**Task item:**
Copy each line of the listing below exactly and drop the images.

**Data excerpt:**
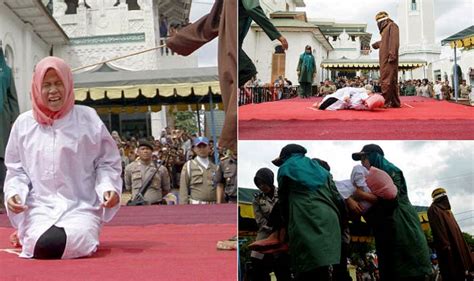 woman caned in public for having sex with male friend in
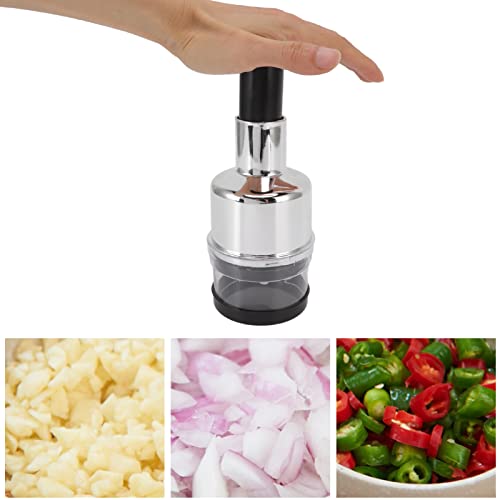Picadora manual para alimentos GLOGLOW acero inox cuchilla miniatura 3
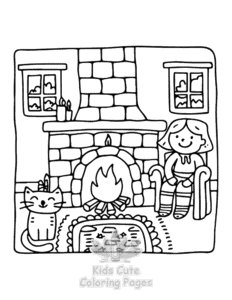 Printable Lazy Day with Cat coloring sheet for preschoolers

**Answer box:**
 woman caned in public for having sex with male friend in
Picadora manual para alimentos GLOGLOW acero inox cuchilla miniatura 3
 Printable Lazy Day with Cat coloring sheet for preschoolers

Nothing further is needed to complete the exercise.